● **Your assignment**
Transcribe exactly the lines below that begin at the line with "empty room featuring" and stop after the line with "Grupowe zdjęcie laureatów", leaving out every picture.

● **Records shown**
◇ ◇ ◇

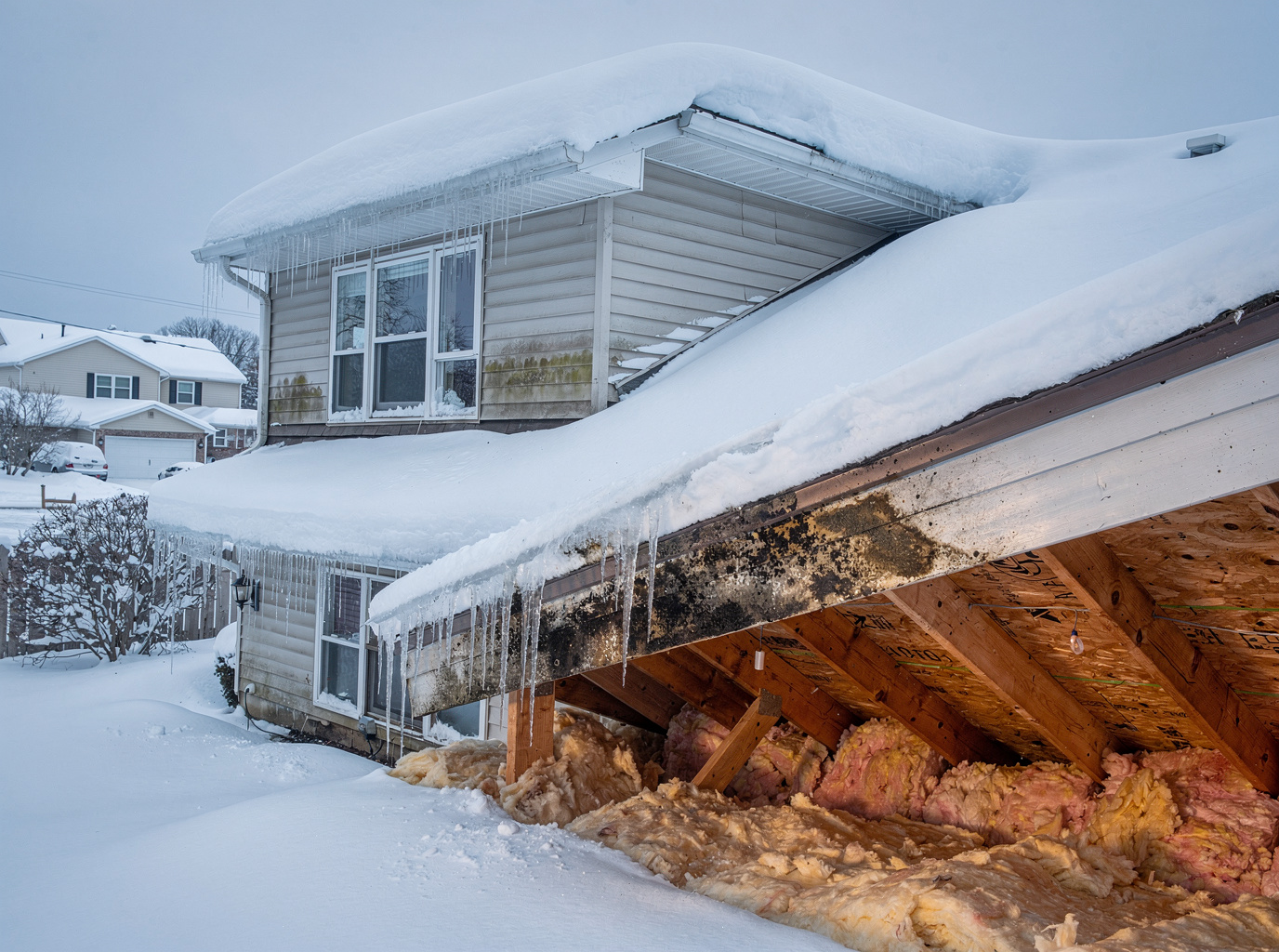 How Ice Dams Form Attic Mold in Rochester Winters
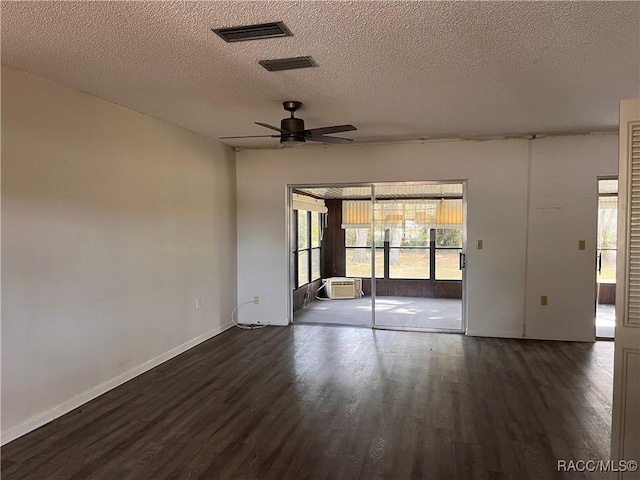 empty room featuring ceiling fan, dark hardwood / wood-style floors, and a textured ceiling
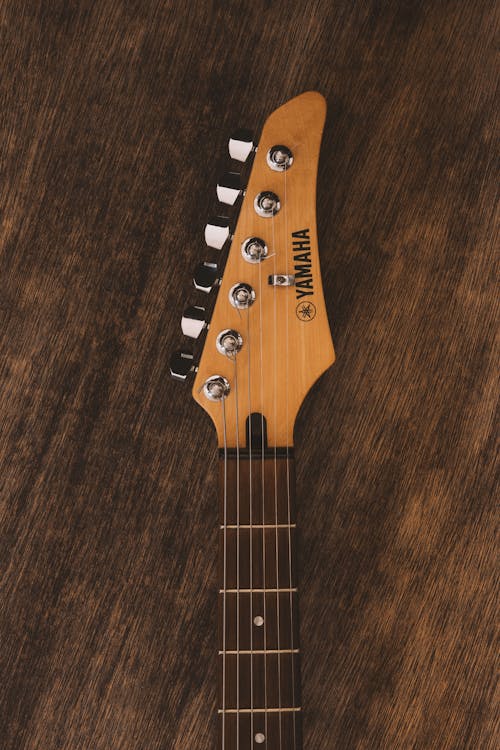 Free Electric Guitar on Wooden Surface Stock Photo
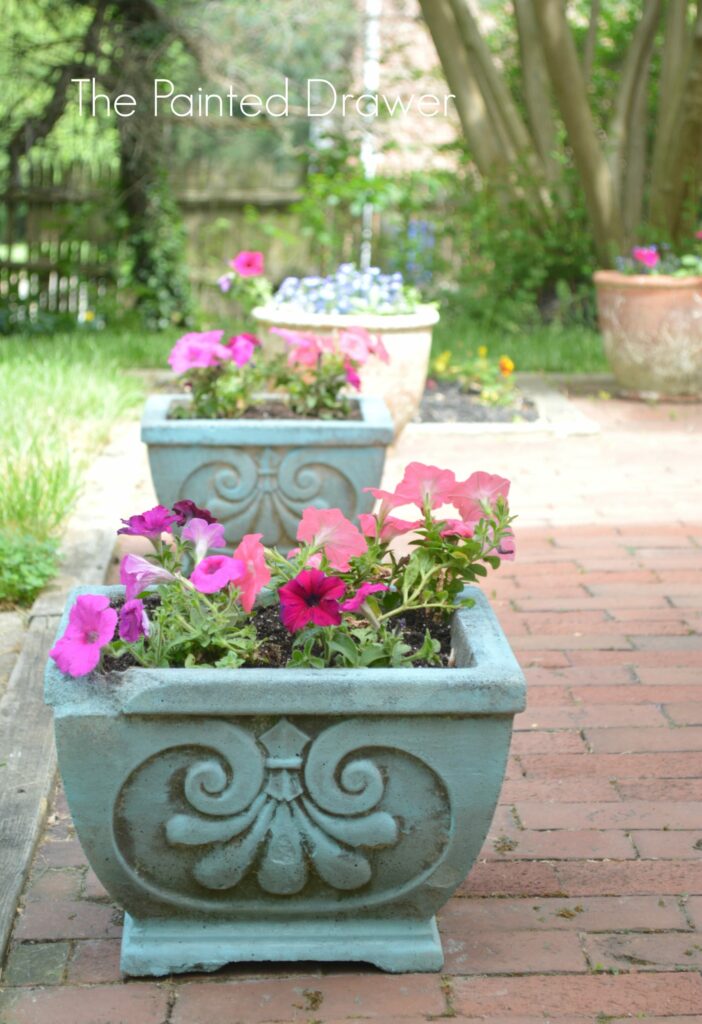Transforming Old Concrete Planters and a Feature!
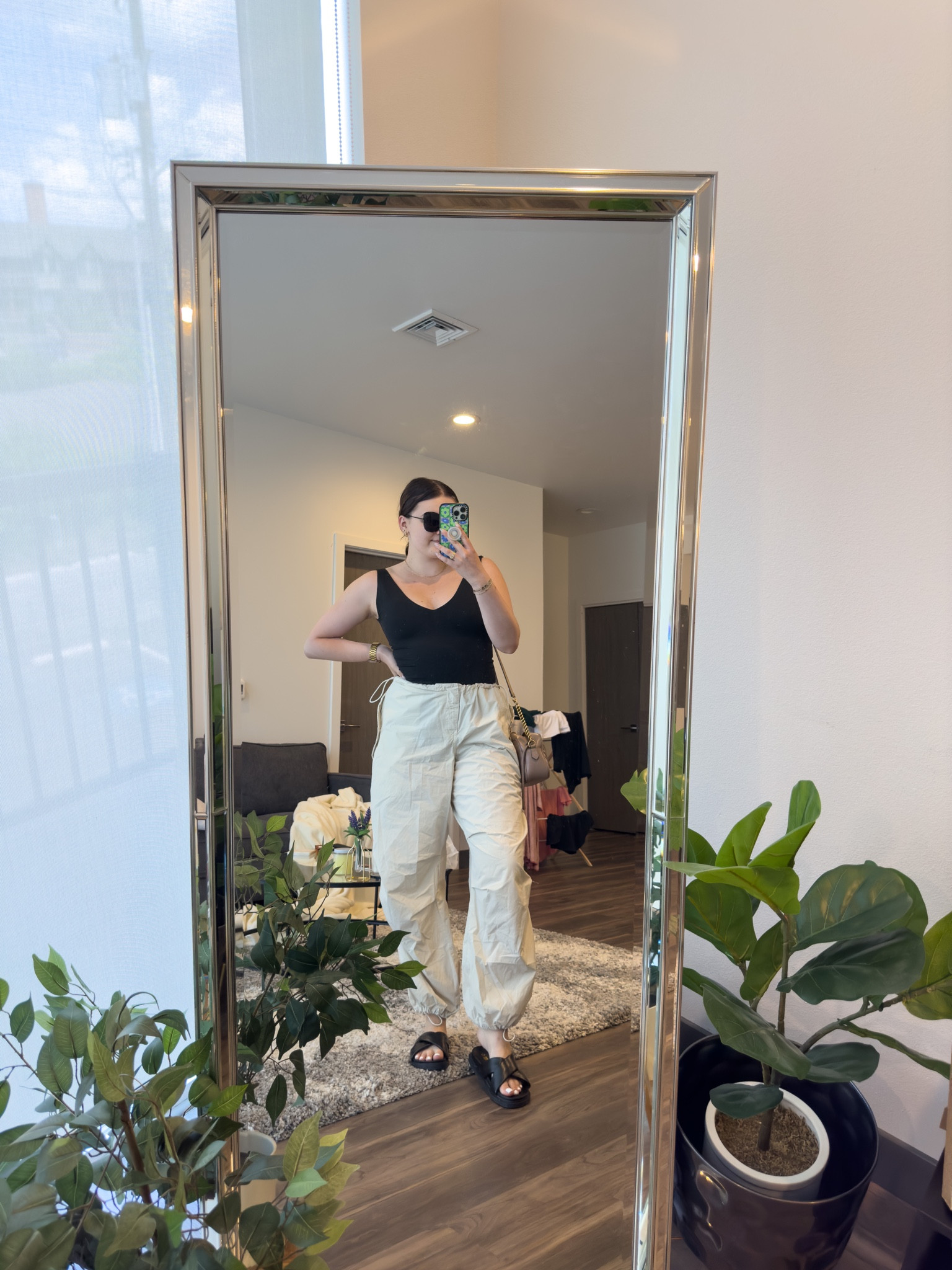 Ultra casual spring outfit idea. Featuring my new favorite parachute pants. 

I’m wearing a M bodysuit, L pants and size 9 sandals 

#LTKunder100 #LTKstyletip #LTKSeasonal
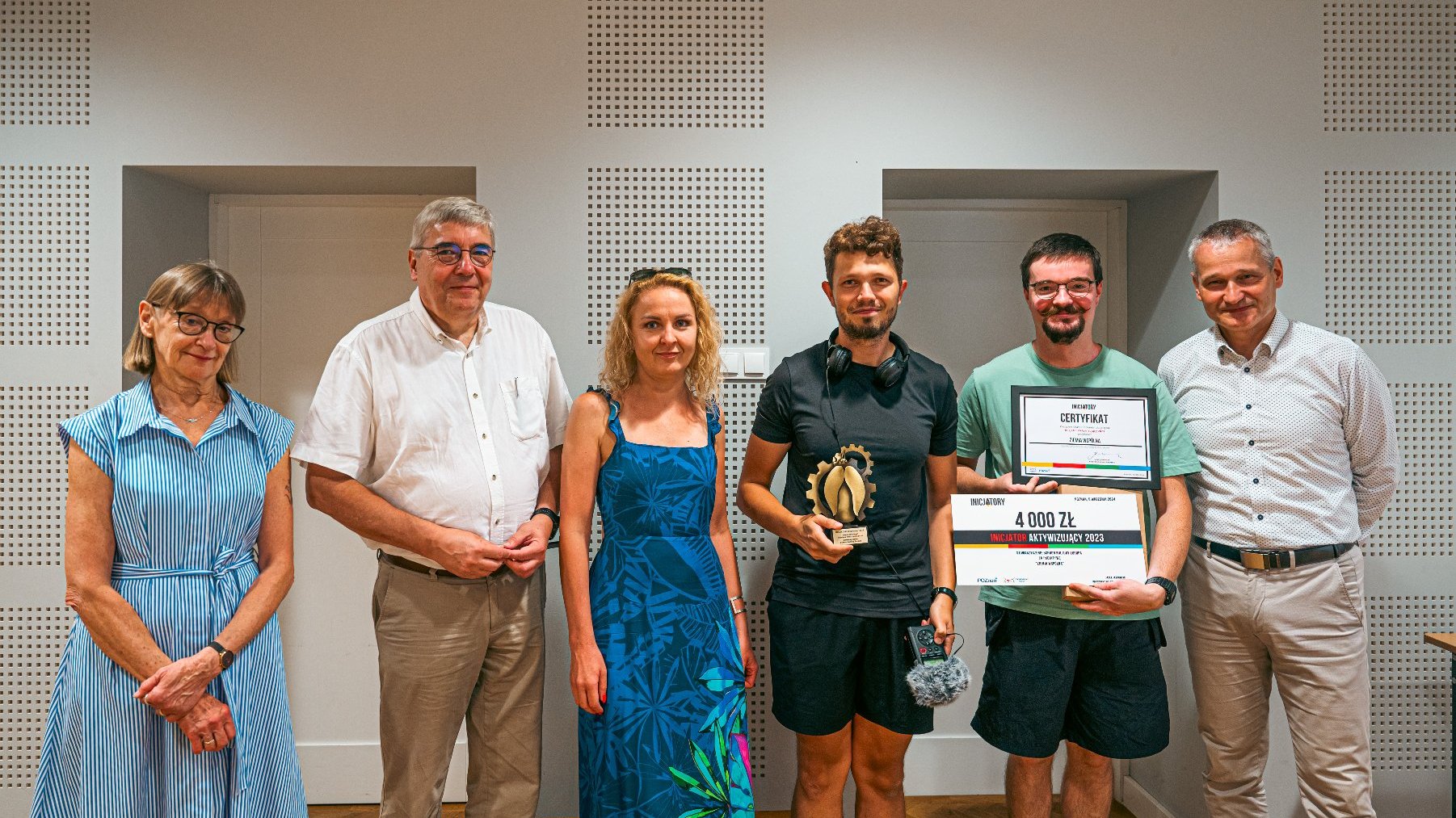 Grupowe zdjęcie laureatów i osób wręczających nagrody.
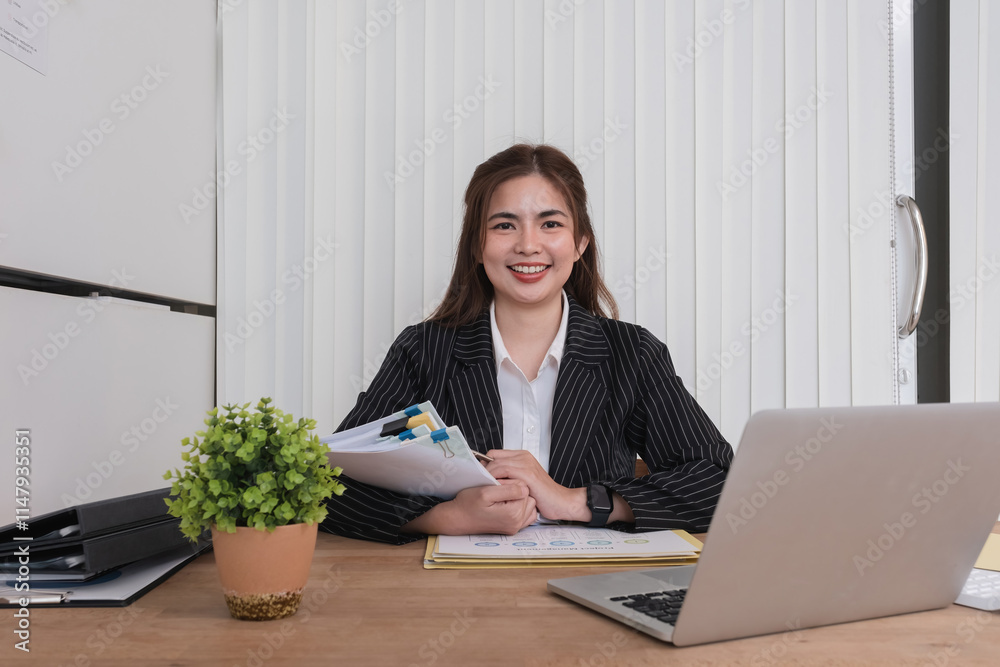 Cheerful business lady working on laptop in office, Asian happy beautiful businesswoman in formal suit work in workplace. Attractive female employee office worker smile. Cheerful business lady working on laptop in office, Asian happy beautiful businesswoman in formal suit work in workplace. Attractive female employee office worker smile.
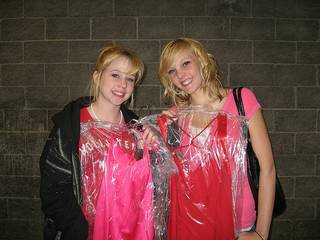 Two patrons of Las Vegas Prom Closet Store 2009 show off their new dresses. Last year, the group gave about 350 dresses to teenage girls in Clark County.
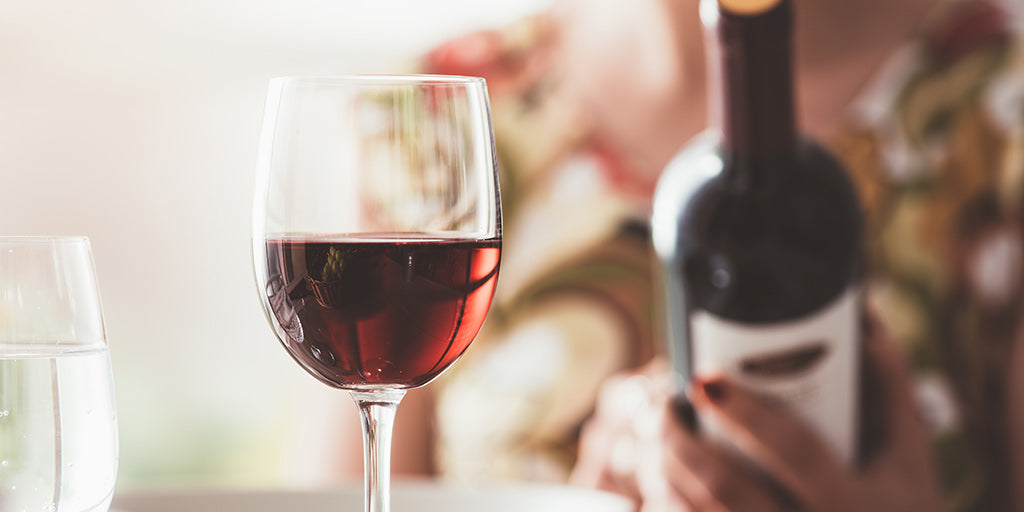 Woman reading a wine bottle's label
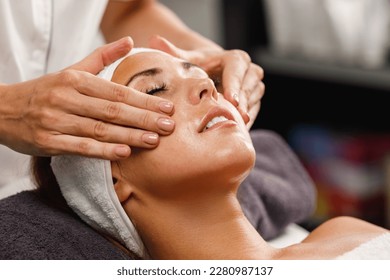 Shot of a beautiful young woman enjoying face massage at the beauty salon. - Shutterstock ID 2280987137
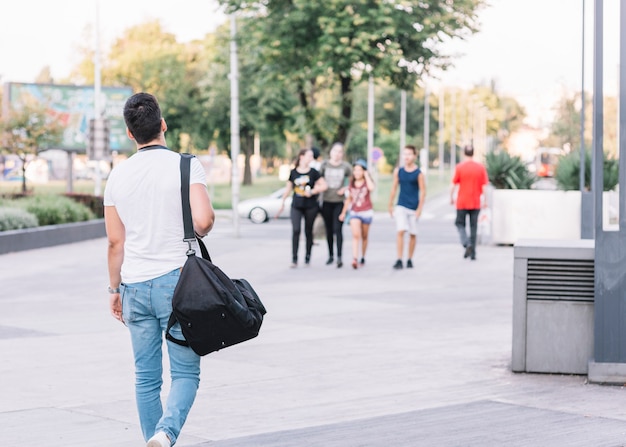 Rear view of a man walking on street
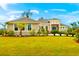Charming home with a well-manicured lawn, beautifully landscaped front yard, and inviting curb appeal at 500 Woodstork Ln, Punta Gorda, FL 33982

◇ ◇ ◇

● **Task response**
 empty room featuring ceiling fan, dark hardwood / wood-style floors, and a textured ceiling
 Free Electric Guitar on Wooden Surface Stock Photo
Transforming Old Concrete Planters and a Feature!
 Ultra casual spring outfit idea. Featuring my new favorite parachute pants. 

I’m wearing a M bodysuit, L pants and size 9 sandals 

#LTKunder100 #LTKstyletip #LTKSeasonal
 Grupowe zdjęcie laureatów i osób wręczających nagrody.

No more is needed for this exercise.